Together with other leading international criminal law practitioners, Charles contributed to the book: International Criminal Investigations: Law and Practice, published by Eleven at the Hague in 2017. He has also published several articles in the areas of international criminal law, victim compensation and the "complementarity principle" in the Rome Statute of the ICC. He has been invited as a guest speaker on several national and international TV programmes and at several prestigious educational institutions worldwide on various aspects of investigating and prosecuting international crimes, international law, corruption, tracing and/or repatriating stolen assets, victim compensation and/or reparations. He has also served as a visiting lecturer on international humanitarian law at the National Defence College, Nigeria and at the Nigerian Institute of Advanced Legal Studies.

Regional and domestic legal career
In June 2010, following his distinguished UN career, Charles returned to private practice and founded Charles Anthony (Lawyers) LLP, a cross-border firm of legal practitioners in Lagos and London, with specialisation in international criminal and human rights law, complex white-collar crime, and international asset recovery matters. He is currently admitted to practice as list counsel before several international and regional courts including the International Criminal Court (ICC), the Special Tribunal for Lebanon (STL), the United Nations Residual Mechanism for International Tribunals (UNMIT) and the African Court on Human and People’s Rights in Tanzania (AfCHPR). Since 2018, he has served as the International Criminal Court Bar Association’s focal point for Nigeria.

In 2013, while representing the outspoken Tanzanian opposition politician, the late Rev Christopher Mtikila, in a landmark and precedent-setting case against the United Republic of Tanzania before the African Court on Human and Peoples’ Rights, he successfully challenged the Tanzanian constitutional prohibition against independent candidature for election into public office as a violation of the African Charter on Human and People’s Rights. The Mtikila vs. Tanzania case was the first case to be heard by the said Court on its merits since its inception in 2004.  It was also the first case to be decided by the Court in favour of the Applicant and the first case before the Court on the issue of reparations.

His advisory practice in international criminal and humanitarian law has included providing specialist advice to the Military High Command in Nigeria in connection with the preliminary examinations launched by the ICC into alleged crimes against humanity and/or war crimes committed in the context of armed conflict between “Boko Haram” and the Nigerian security forces.
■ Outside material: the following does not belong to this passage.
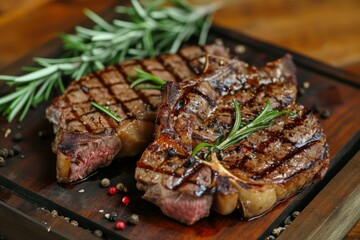 grilled medium rib eye steak with rosemary and pepper macro ai generative, Grilled medium rib eye steak with rosemary and pepper.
He also advises various African governments on ICC related transitional justice issues.

He has acted on matters involving corruption, asset forfeiture, money laundering and fraud (including tracing the proceeds of fraud), international recognition of anti-money laundering protocols and jurisdictional issues.

In 2016, Charles was appointed by the Attorney-General of the Federal Republic of Nigeria to lead the unprecedented corruption trials of senior judicial officers, including a serving Judge of the Supreme Court of Nigeria, the late Honourable Justice Sylvester Ngwuta, JSC.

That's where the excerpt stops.